L’hacker ha bisogno di quattro cose per un attacco di “credential stuffing” di successo:
- un elenco di dati di accesso;
- un elenco di servizi online diffusi che vuole attaccare (ad esempio: Dropbox, Adobe Cloud, Canva, ecc.);
- una tecnica usata per utilizzare un gran numero di diversi indirizzi IP come mittenti (rotazione IP);
- un “bot” (programma per computer) proprio, che tenta automaticamente di accedere ai vari servizi online.
Utilizzando tali bot, l’hacker tenta un accesso dopo l’altro a un servizio online, cambiando sistematicamente l’indirizzo IP del mittente in modo che il server di destinazione non blocchi i tentativi di accesso. Infatti, ogni server ben configurato bloccherà un determinato indirizzo IP se il numero di tentativi di accesso non riusciti supera una certa soglia.
Se il login riesce, il bot accederà alle preziose informazioni sopra menzionate. Inoltre, i dati di accesso rubati vengono salvati per un utilizzo successivo, ad esempio per attacchi di phishing e simili.

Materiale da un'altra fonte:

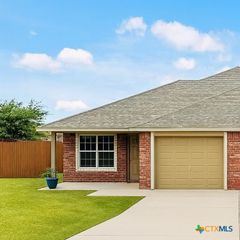 3749 W Amity Road A, Salado, TX 76571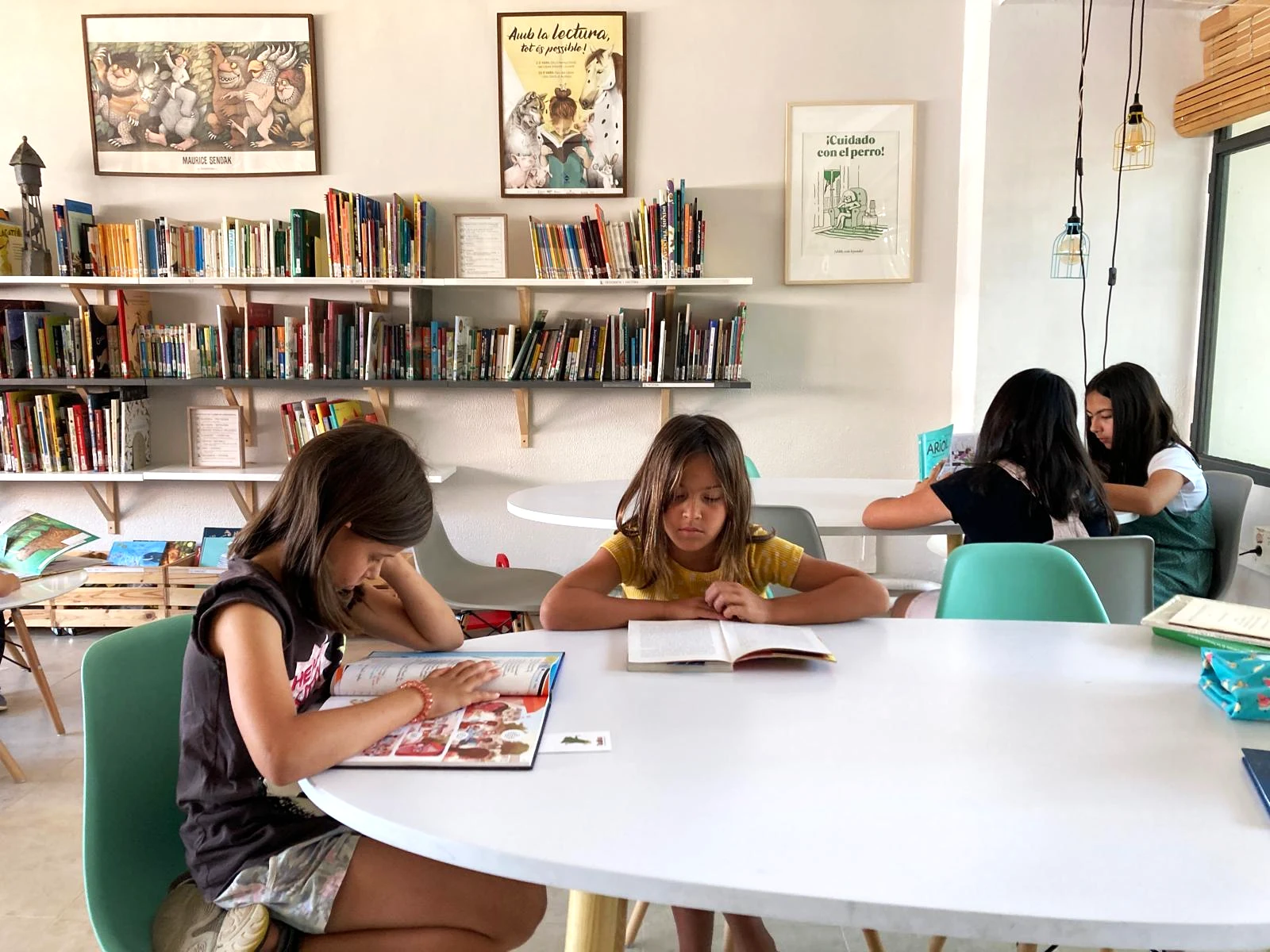 Nens i nenes llegint en una biblioteca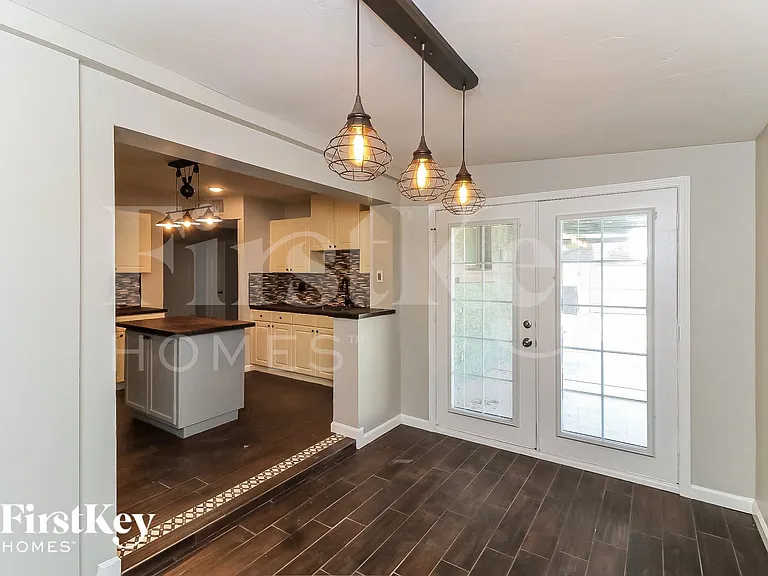 2206 E Arbor Cir — Photo 4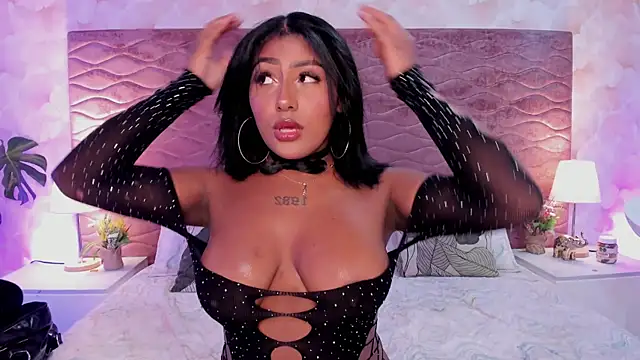Snapshot of Emma_Dancer chatting on May 28, 2026, 1:30 pm Emma Dancer online show from May 28, 2026, 1:30 pm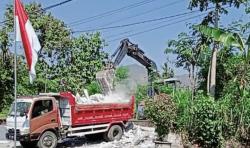 Dipicu Dugaan Orang Ketiga, Ruko Fotokopi di Ponorogo Dibongkar Pakai Alat Berat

Rispetto ai seguenti metodi di hacking, il credential stuffing è spesso molto più efficace:
- gli attacchi “brute force” richiedono un numero molto più elevato di tentativi, perché vengono provate combinazioni di password puramente casuali e non - come con il credential stuffing - password effettivamente esistenti;
- il social engineering di solito limita l’attacco a una singola piattaforma (ad esempio Amazon), mentre il credential stuffing può attaccare contemporaneamente centinaia di diversi servizi online.